It is clear that telling dirty jokes is risky, especially in the context of a prudish small town in which some people are eager to gossip. Dirty jokes are widely considered as being taboo (Crespo-Fernández, 2019). So, when Olof retells this joke during a “funny hour” at school, he upsets his adored teacher Mathilda, even more so when he claims having overheard the joke from Stenberg. The situation becomes even worse when Olof’s father (called Pappa) forces him to lie in order to save face. Starting from this embarrassing situation, Olof gets increasingly entangled in a net of lies and feels helpless vis-à-vis the adults’ indifference. At the center is Stenberg who lies to all the other characters about not having told the dirty joke. Since the group who listened to the joke know that Stenberg is lying, Stenberg can be categorized as a bald-faced liar. By definition, a bald-faced lie is a lie told under the condition that there is mutual knowledge about the act of lying. Because of Stenberg’s reputation and influence, nobody dares to expose his lies, as Olof’s father tells his son in an intimate conversation. He also stresses that Stenberg holds sway over Olof for having vandalized his garden and distributing porn magazines in the school yard. In fact, Olof and Sverker stole fruit together from Stenberg’s garden but it was Sverker who destroyed the glass pavilion and distributed the porn magazines. Moreover, Olof’s father fears that Stenberg would put off his customers of his hairdressing salon which is why he cannot support his son in this matter.

Apart from that, Olof is faced with the lies told by his parents in relation to the love affair between Eivor and his father. Confronted by his spouse, Olof’s father denies the love relationship, which culminates in permanent quarrels. The affair and the resulting dispute between his parents are alarming signals for Olof who fears an erosion of the family (as happens with Eivor and her husband). Therefore, Olof is rather disappointed when his father—after he has ended the love affair—is eager to downplay it, as if he does not take his son seriously.

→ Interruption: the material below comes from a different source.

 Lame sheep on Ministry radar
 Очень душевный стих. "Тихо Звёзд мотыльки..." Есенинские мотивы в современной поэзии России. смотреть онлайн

Olof’s mother (called Mamma) is potentially truthful. However, she denies having pushed her rival Eivor into the harbor basin. Speaking finally about this event, and not knowing that her son was an eye-witness and knows the true motives of her action, she lies by omitting the true motive for her deed, namely jealousy:

You may wonder how one could do something like what I did the other evening. But I had just found out that Eivor slapped you. I was furious when I saw her there on the quay. I couldn’t control myself. I don’t think I meant to push her into the water. I just wanted to push her over. I wanted to teach her a lesson. I was terrified when she fell into the water. [p. 162, our translation]

A more charitable interpretation is that Olof’s mother is a victim of self-deception and sugarcoats the situation.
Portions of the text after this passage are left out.